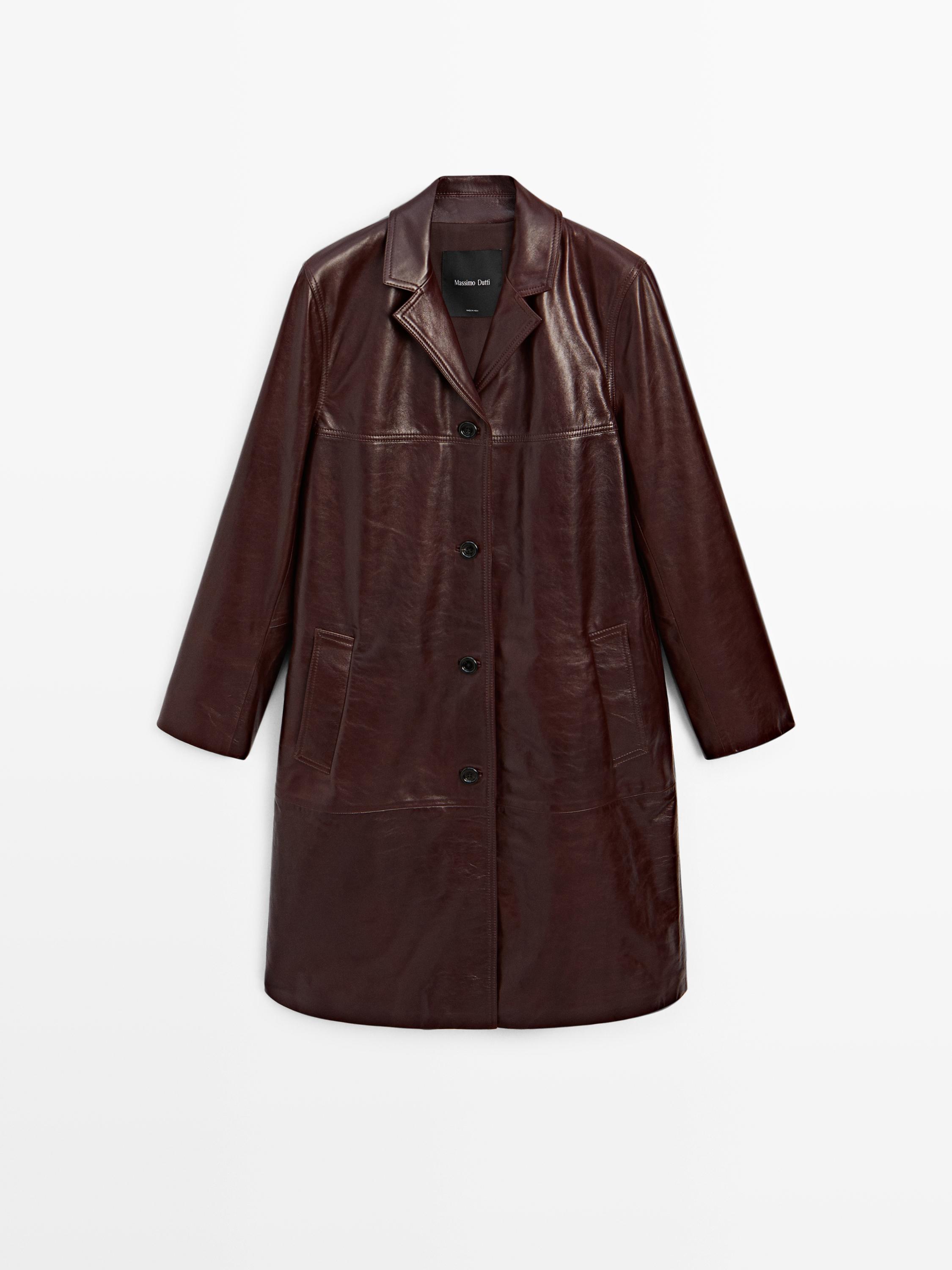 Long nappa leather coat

* * *

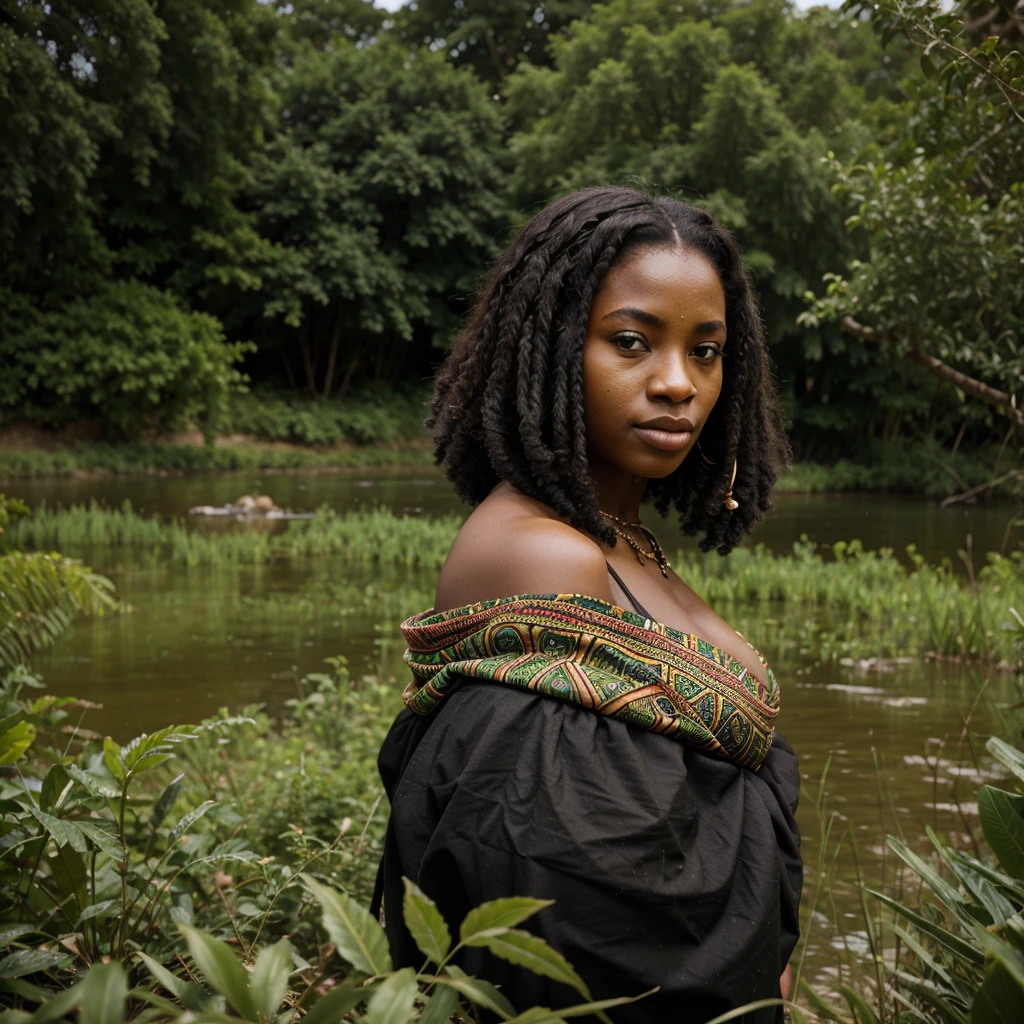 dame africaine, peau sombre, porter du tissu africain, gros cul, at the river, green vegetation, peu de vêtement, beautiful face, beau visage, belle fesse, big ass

==

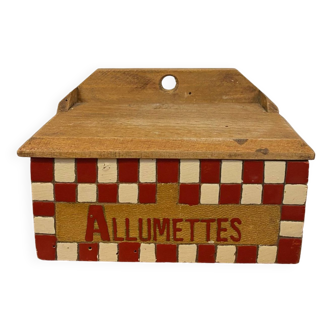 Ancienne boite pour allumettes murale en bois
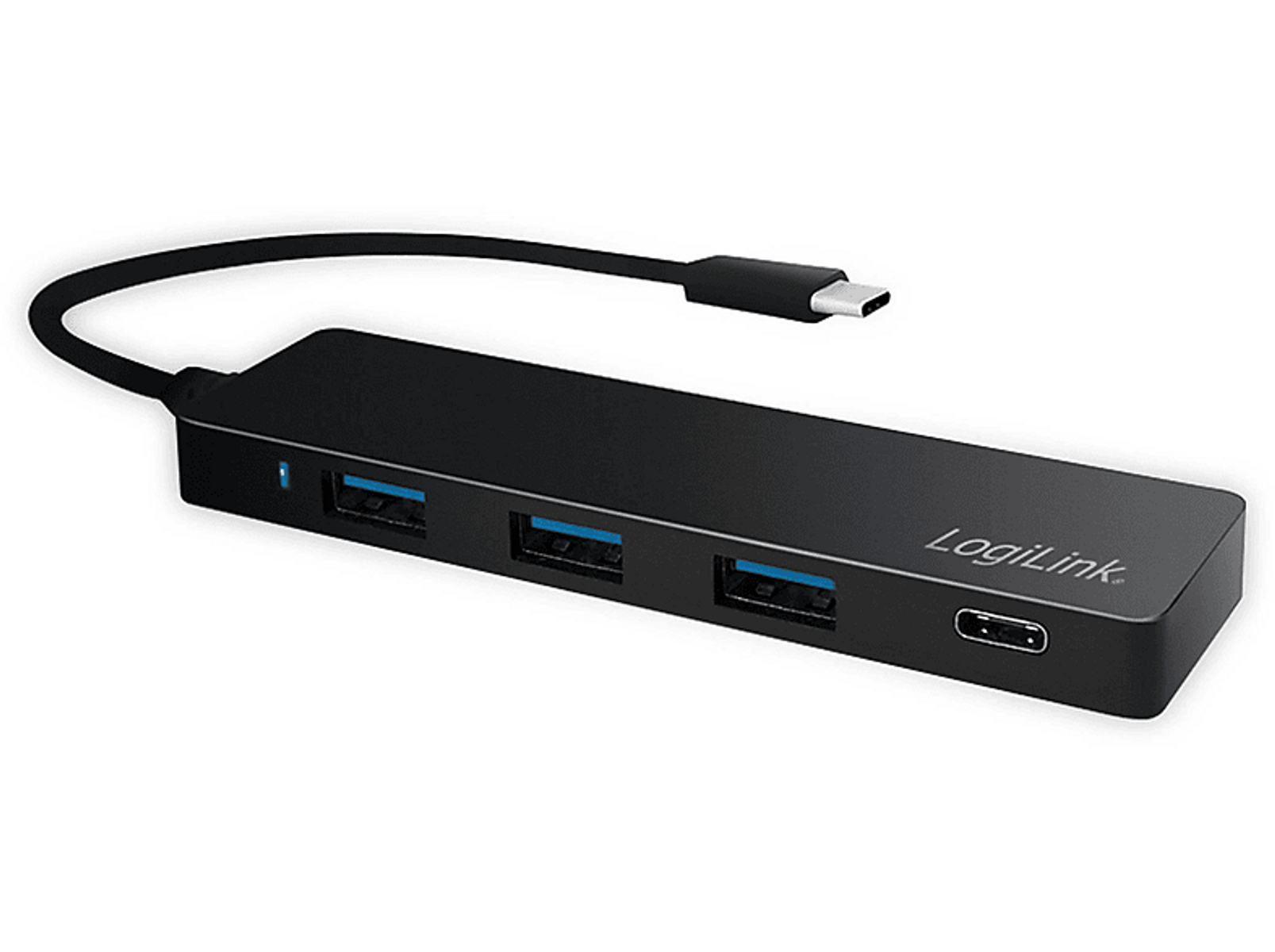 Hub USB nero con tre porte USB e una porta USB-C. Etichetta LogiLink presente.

→ TASK
From the line containing "Ancienne boite pour" through the line containing "Hub USB nero", copy every line above exactly, without pictures.

→ OUTPUT FOR THIS TASK
 Ancienne boite pour allumettes murale en bois
 Hub USB nero con tre porte USB e una porta USB-C. Etichetta LogiLink presente.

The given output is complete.